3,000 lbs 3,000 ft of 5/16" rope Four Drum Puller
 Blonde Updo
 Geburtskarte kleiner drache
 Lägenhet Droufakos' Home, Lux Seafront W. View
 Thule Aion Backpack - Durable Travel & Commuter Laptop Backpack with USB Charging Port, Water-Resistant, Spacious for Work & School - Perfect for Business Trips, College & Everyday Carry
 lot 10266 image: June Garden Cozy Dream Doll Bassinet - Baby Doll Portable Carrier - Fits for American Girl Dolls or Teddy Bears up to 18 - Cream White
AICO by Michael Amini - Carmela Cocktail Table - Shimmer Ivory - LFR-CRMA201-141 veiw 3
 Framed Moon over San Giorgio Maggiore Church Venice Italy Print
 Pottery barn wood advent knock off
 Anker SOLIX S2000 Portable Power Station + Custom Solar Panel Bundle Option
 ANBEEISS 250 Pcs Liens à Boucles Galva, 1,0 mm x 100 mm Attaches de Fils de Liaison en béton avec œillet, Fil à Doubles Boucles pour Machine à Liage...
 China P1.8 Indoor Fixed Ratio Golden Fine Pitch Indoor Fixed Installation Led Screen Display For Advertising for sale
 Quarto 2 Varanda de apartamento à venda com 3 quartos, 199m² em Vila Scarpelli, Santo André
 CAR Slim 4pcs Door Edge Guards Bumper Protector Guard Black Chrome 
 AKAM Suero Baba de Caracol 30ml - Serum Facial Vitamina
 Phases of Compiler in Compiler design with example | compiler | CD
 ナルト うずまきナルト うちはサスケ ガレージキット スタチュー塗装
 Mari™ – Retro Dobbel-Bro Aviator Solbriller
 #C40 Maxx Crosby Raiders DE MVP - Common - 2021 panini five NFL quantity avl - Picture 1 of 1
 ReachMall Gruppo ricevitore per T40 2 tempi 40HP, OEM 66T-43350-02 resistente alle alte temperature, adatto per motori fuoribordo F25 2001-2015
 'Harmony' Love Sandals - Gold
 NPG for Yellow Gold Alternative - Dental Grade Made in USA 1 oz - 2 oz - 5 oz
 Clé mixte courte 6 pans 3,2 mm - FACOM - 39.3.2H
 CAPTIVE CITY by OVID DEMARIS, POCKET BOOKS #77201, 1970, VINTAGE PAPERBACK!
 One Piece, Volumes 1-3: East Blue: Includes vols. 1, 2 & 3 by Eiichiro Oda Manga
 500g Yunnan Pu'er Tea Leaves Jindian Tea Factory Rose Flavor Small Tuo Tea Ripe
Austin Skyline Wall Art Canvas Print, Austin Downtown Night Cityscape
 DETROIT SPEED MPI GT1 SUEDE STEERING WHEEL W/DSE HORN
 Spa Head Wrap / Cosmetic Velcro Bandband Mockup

□ □ □ □ □

Aim of the task
Exactly as written, repeat each line from the beginning of the data above to the line containing "Lägenhet Droufakos' Home, Lux", inclusive.

Solution to the problem
3,000 lbs 3,000 ft of 5/16" rope Four Drum Puller
 Blonde Updo
 Geburtskarte kleiner drache
 Lägenhet Droufakos' Home, Lux Seafront W. View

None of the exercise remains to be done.